Samsara is infused with quintessential Indian scents such rose, cardamom and vetiver. But his interest goes beyond merely retail. He hopes his distillery and its adjoining lab, Spaceman Spirit Lab (named after his company), will become a collaborative space for fellow gin enthusiasts and professionals — enabling custom-made gins, experiments with botanicals, and even fun experiences for birthdays and weddings. Priced at ₹1,450 for 750 ml in Goa, Samsara is set to go to Mumbai this year, and then to the US, says Aggarwal, who invested ₹25 lakh from his personal funds, received seed funding of ₹60 lakh, and is now looking to raise $1 million to further the venture.
Then, there are the likes of Gin Gin, by 24-year-old Shubham Khanna. He experimented with 40 recipes over the last two years, before settling on “India’s first hemp craft gin”. Meanwhile, Jin Jiji, another new made-in-Goa gin, has cashew as a botanical for a smoother mouth feel, says its maker, Ansh Khanna, 27. Launched last year and primarily made for export, it is present in 21 states in the US, a market Khanna knows well having studied viticulture at UCLA and worked with a wines and spirits distributor in Chicago. This year, he has experimented with a series focussed on single-estate Darjeeling tea as a botanical. “Both wine and tea depend on terroir. I wanted to extend this idea to gin,” he says, adding that there are plans to do an entire series on various tea regions, from Assam to Coonoor.

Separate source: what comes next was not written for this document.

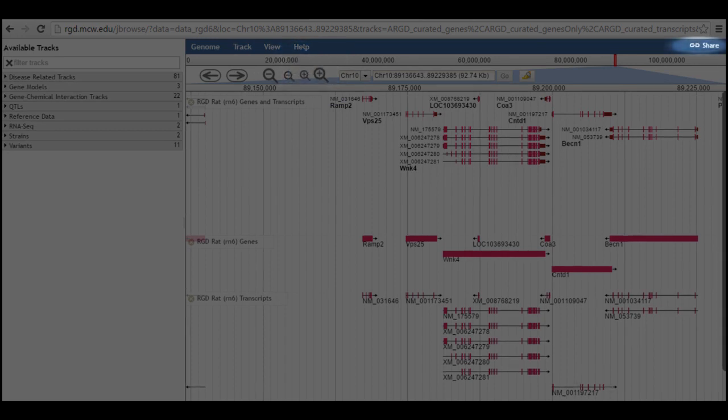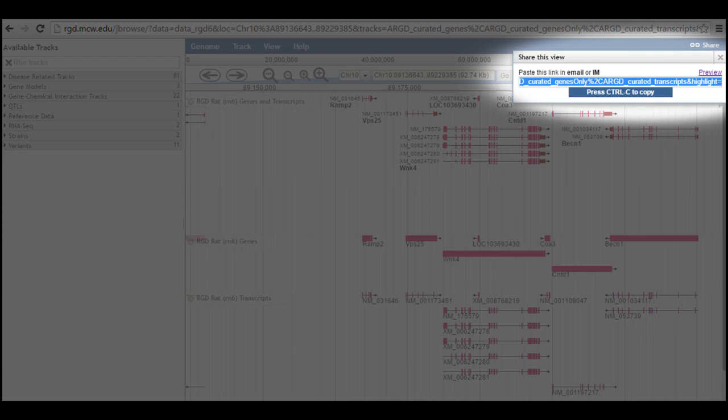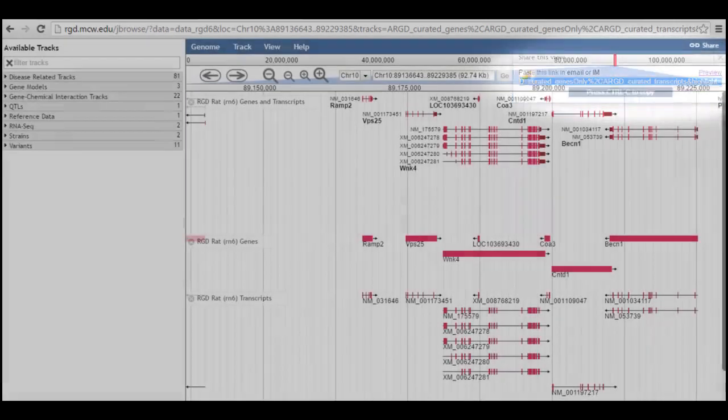The share link displays a URL for the exact genomic region and specific tracks that you are viewing, so you can share the exact view with a colleague or save it for your own records.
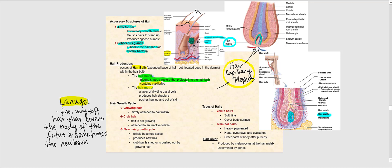Another structure within the hair bulb is the hair matrix — a layer of dividing basal cells, basically the stratum basale. Looking at the images, here is the matrix highlighted in blue; this is essentially where hair grows. The illustration in the next slide will explain how non-living hair is produced.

Botanicals as storytelling
With the explosive growth in gin around the world attributed to experimentation by young, creative distillers, it is but natural that there should be a tension between what gin really is — the traditional English spirit led by piney notes of juniper, and governed by stringent laws — and the more ‘free spirit’, where individual makers choose diverse flavours to tell stories that appeal to local palates. This is a big debate internationally.
Dr Anne Brock, master distiller at Bombay Sapphire, who gave up medicine to work in bars, was appointed The Gin Guild’s grand rectifier last year (the first woman to hold the job). Brock admits to this being a tightrope. “I believe it is important that juniper remains the core, but we may need to relax and encourage difference. Gin is a global spirit with different botanicals and styles, and consumers are interested in the people who make their gin, its provenance and story.”
How viable is it?
While the current burst of creativity is welcome, industry watchers such as Vikram Achanta of Tulleeho, providers of beverage education and training, question the depth of the market as well as the potential of many players to go all-India. “The barriers to entry are quite low in Goa so anyone with a recipe can make a gin. But what does it mean to make 1,000 bottles or cases? The real test will come only when they exhibit deeper pockets to go national, into challenging markets such as Delhi or Andhra Pradesh,” says Achanta.
Anand Virmani, co-founder of Greater Than and Hapusa, however, is bullish about these new experiments. He argues that gin at the higher end of the spectrum has been registering 40-50% year-on-year growth in India in the last two-three years. “The UK went from a £750 million market to £3 billion between 2014 and 2018. What is to stop India from following the same curve?” he asks. This year, despite lockdowns, has seen phenomenal growth in retail sales for gins, stores across metros report. So the glass is only half full.